Go to the line with "May include: A" in the material below and copy from there through the line with "Person Holding Glass Jar", exactly. Pictures are not copied.

## The input
___
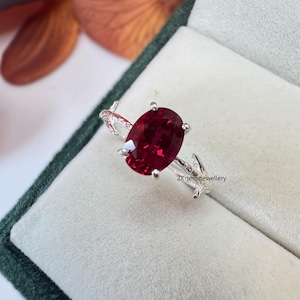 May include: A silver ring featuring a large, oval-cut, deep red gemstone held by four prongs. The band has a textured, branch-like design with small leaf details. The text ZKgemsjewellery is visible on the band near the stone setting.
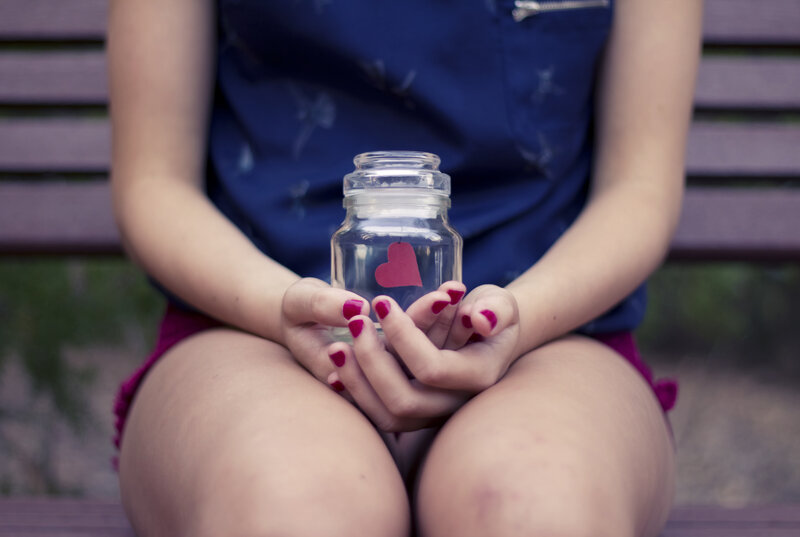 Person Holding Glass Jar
___
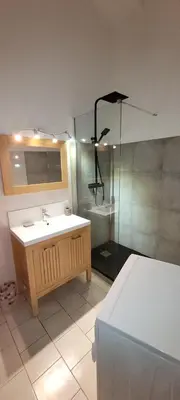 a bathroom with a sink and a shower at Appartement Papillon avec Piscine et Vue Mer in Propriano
___
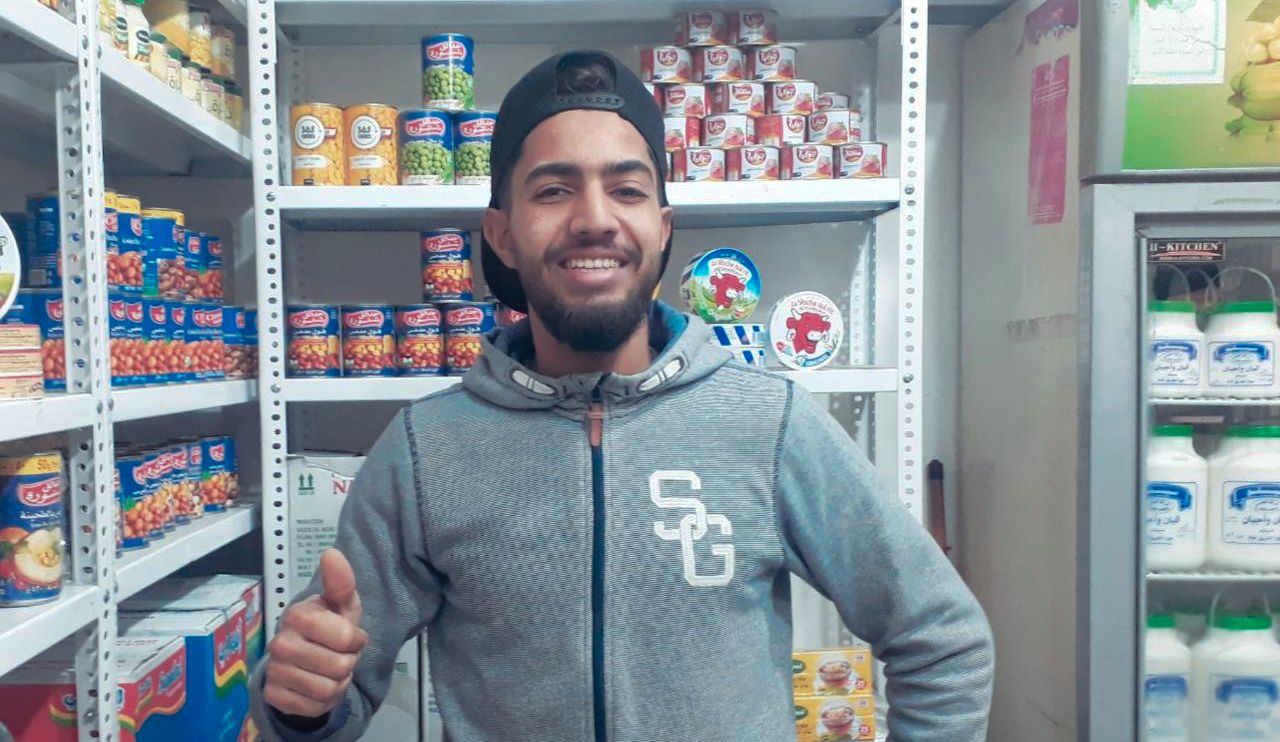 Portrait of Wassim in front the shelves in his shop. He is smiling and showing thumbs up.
___
## Task result
 May include: A silver ring featuring a large, oval-cut, deep red gemstone held by four prongs. The band has a textured, branch-like design with small leaf details. The text ZKgemsjewellery is visible on the band near the stone setting.
 Person Holding Glass Jar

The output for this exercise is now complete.